Understanding CPU‑Memory Interconnects: From FSB to NUMA and Practical Linux Tests

Modern servers typically contain many CPU cores and dozens of gigabytes of memory spread across multiple DIMMs, raising the question of how these components are interconnected and whether latency varies when a CPU accesses different memory modules.

Historically, CPUs communicated with memory through the Front Side Bus (FSB) architecture, where the CPU connected to a north‑bridge chip via the FSB, and the north‑bridge housed the memory controller. All traffic between CPU and RAM passed through this single bus.

As CPU frequencies surpassed 3 GHz, manufacturers shifted to multi‑core and multi‑CPU designs, making the FSB a bottleneck. The memory controller moved onto the CPU die, and a new interconnect called QuickPath Interconnect (QPI) was introduced to allow CPUs to access memory attached to other sockets, forming a Non‑Uniform Memory Access (NUMA) architecture.

In a NUMA system each CPU belongs to a node that owns a subset of the system’s memory. The article shows how to inspect the hardware layout on Linux using # dmidecode|grep -P -A5 "Memory\s+Device"|grep Size to list memory slots and # numactl --hardware to display node‑CPU and node‑memory assignments, including node distance matrices that indicate latency between nodes.
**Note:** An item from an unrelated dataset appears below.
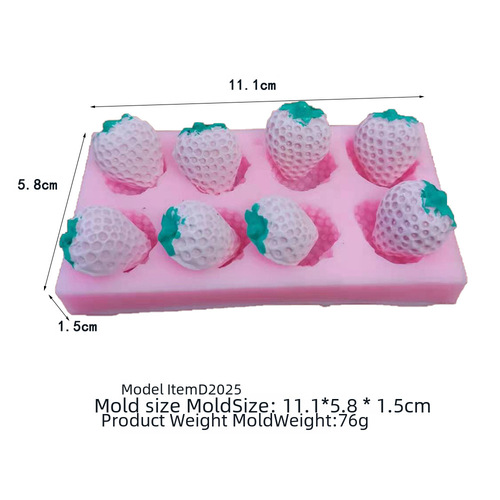 AZ004 Silicone Strawberry Soft Candy 3D Liquid Silicone Mold Cake Decoration Mold Candy Chocolate Mold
Two benchmark scenarios are presented using numactl with --cpubind and --membind to force a process to run on a specific node and allocate memory from a specific node. The latency tables show that accesses to memory within the same node (distance 10) are faster than accesses to memory on a remote node (distance 21), confirming the NUMA performance characteristic.

Conclusion: In contemporary servers the CPU‑memory interconnect is a complex NUMA architecture that groups CPUs and memory into nodes; intra‑node memory accesses are noticeably faster than inter‑node accesses because the latter must traverse the QPI bus.